Oder Arthur Goldstein (1887 -1943), ein Schicksal aus dem kurzen 20. Jahrhundert. 1914 wurde der Journalist SPD-Mitglied, Ende 1918 Mitgründer der KPD, bald auf dem antiparlamentarischen oppositionellen Flügel bei der linksradikalen Kommunistischen Arbeiter-Partei KAPD anzutreffen, die in den folgenden Jahren von mehrfachen Spaltungen durchzogen wurde. Goldstein selbst trat bereits 1923 wieder der SPD bei, «entristisch», wie es in einem Wikipedia-Beitrag heisst, da er weiterhin einen rätedemokratischem Kurs mit trotzkistischen Neigungen unterstützte und 1932 den Aufbau der klandestin wirkenden Widerstandsgruppe der Roten Kämpfer befürwortete. Dennoch konnte er in all diesen Jahren in sozialdemokratischen Zeitschriften wie der «Bücherwarte» schreiben. 1933 flüchtete er vor den Nazis nach Frankreich, wurde dort 1943 verhaftet, vom Sammellager Drancy nach Auschwitz transportiert und kurz nach der Ankunft ermordet.

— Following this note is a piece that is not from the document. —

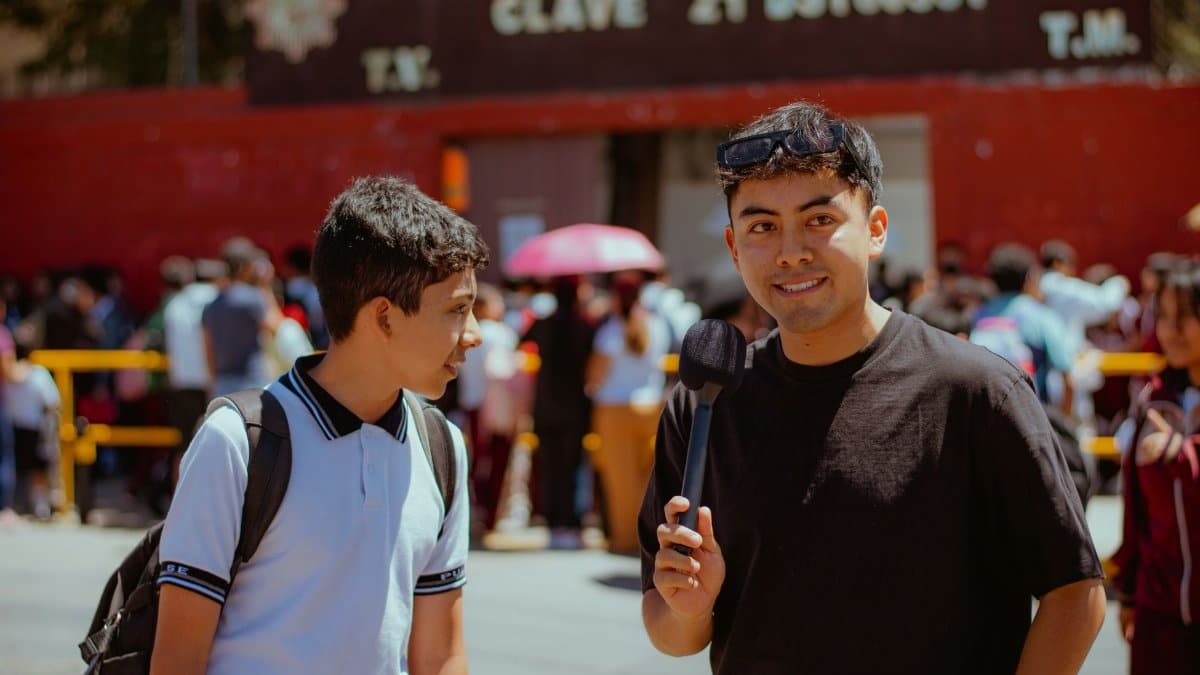 Man holding microphone interacting with a student outside a school building.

Goldstein schreibt in der «Bücherwarte» mehrheitlich zur Literatur, aber auch zur Ökonomie und zur Politik. Während seine Literaturkritik zumeist sachgerecht ist, schlägt bei den politischen Büchern zuweilen die parteipolitische Bindung stärker durch. Einen Reisebericht aus der Sowjetunion des österreichischen Feuilletonisten Arthur Holitscher watscht er mit der schönen Formulierung ab, hier sänken sich Leninismus und Katholizismus gerührt in die Arme. Scharf kritisiert er auch einen Rechenschaftsbericht von Max Hoelz, dem abenteuernden Führer der Märzkämpfe 1921 im Vogtland. Hoelz sei es, meint Goldstein, nur um die Befriedigung eines persönlichen Rechtsgefühls gegangen, während er von geschichtlichen Zusammenhängen und Entwicklungen sowie von historischen Grundkräften absolut nichts verstanden habe – was insofern eine pikante Note besitzt, weil Hoelz eine Zeitlang wie Goldstein bei der KAPD mitgewirkt hatte.

Zuweilen stösst man in der «Bücherwarte» auch auf Hinweise zu Büchern, die einem als positives Gerücht bekannt sind und die man vielleicht einmal hätte lesen wollen, etwa Egon Friedells «Kulturgeschichte der Neuzeit». Die entsprechende Besprechung wendet allerdings kritisch ein, Friedell sei ein Vertreter eines impressionistischen Feuilletonismus, der Geschichte auf Klatsch reduziere, und präsentiert als Beleg ein längeres Zitat über die Darstellung der Französischen Revolution, die Friedell als «Schundroman» versteht, mit der «Kellerratte» Marat, einem Danton, der «abwechselnd blutgierig und gutmütig, stumpf und intelligent wie ein ungezähmter Bullenbeisser» sei und einem Robespierre als «dämonisch gewordener Oberlehrer» – und da weiss man, das positive Gerücht war falsch, und man kann sich die Lektüre dieses Buches schenken. So eröffnet die «Bücherwarte» in Zustimmung wie Kritik ein kulturhistorisches Universum.

sh

Der Jahrgang 1929 der «Bücherwarte», aus dem Bestand von Gretlers Panoptikum übernommen, steht im bücherraum f im mittleren Raum in der Abteilung R (Referenzwerke).